San Martín de los Andes

Toda la sociedad se halla consternada por el grotesco robo de los funcionarios del kirchnerismo durante los últimos doce años.

La explicación, que subyace, y por la que se entiende cómo participaron todos, es que “justificaron hurtar el erario público” para con ese dinero poder adquirir las “herramientas” (medios de prensa, compra de periodistas, etc.) necesarias para vencer al capitalismo salvaje.

No era nueva esta justificación, ya la habían hecho los Montoneros secuestrando gerentes de empresas multinacionales o asaltando bancos para “mantener la Orga”. De allí la expresión de Moreno: hay que robar con códigos. Es decir, solo robar para la “causa”.

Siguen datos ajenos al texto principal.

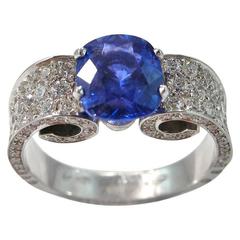 Jona 2.85 Carat Sapphire Diamond Pave Gold Ring 2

En una autocrítica liviana, la diputada Conti, con la aparición de los bolsos de López, dijo: “Es el derrame”. Quiso significar que todos estaban en el “hurto para la causa”, pero las debilidades de algunos se expresaron en “esos derrames”, individualistas y colaterales. Fueron más burgueses que kirchneristas.

Pero, mirando el hecho desde el perjuicio al Estado, los números asustan. Algunos hablan de dos PBI, otros de dos presupuestos. Sin embargo, la justificación del robar es aún más peligrosa porque trajo la “justificación de fondo”: la legitimidad de mentir. Y eso es aún más peligroso.

Porque con el “mentir” el hurto es una de sus expresiones, quizás la más apasionada y burguesa. Pero cuando “entro en la aceptación de que mentir está bien” ya puedo hacer todo. Es la llave de las otras iniquidades (matar, torturar, abusar, etc.).

Ya los actos no son inmorales, son amorales. Porque el plano ético es una instrumentación de la burguesía capitalista y yo (kirchnerista) no participo de ese juego.

Estamos mal, si esto no lo desmenuzamos y lo entendemos. Porque fueron doce años de esta fábula, pero quién nos asegura que “otros” de similares concepciones filosóficas políticas no las actualicen, aún en forma más sofisticada.